DATA ->
---
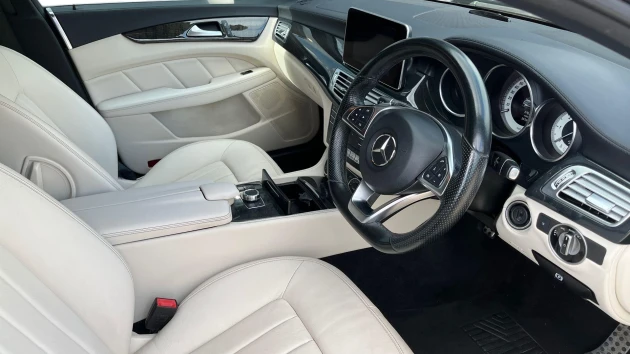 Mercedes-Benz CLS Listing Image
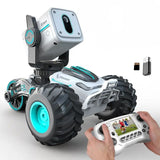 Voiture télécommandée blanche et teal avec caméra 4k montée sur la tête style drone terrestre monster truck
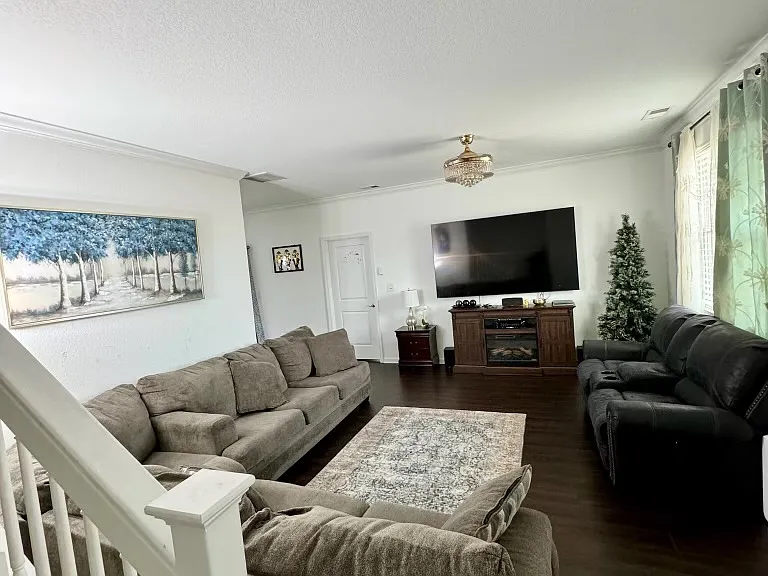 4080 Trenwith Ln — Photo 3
---
PROBLEM TO WORK ON -> Go through the listing above and retype it exactly, skipping every picture.

EXPECTED OUTPUT ->
 Mercedes-Benz CLS Listing Image
 Voiture télécommandée blanche et teal avec caméra 4k montée sur la tête style drone terrestre monster truck
 4080 Trenwith Ln — Photo 3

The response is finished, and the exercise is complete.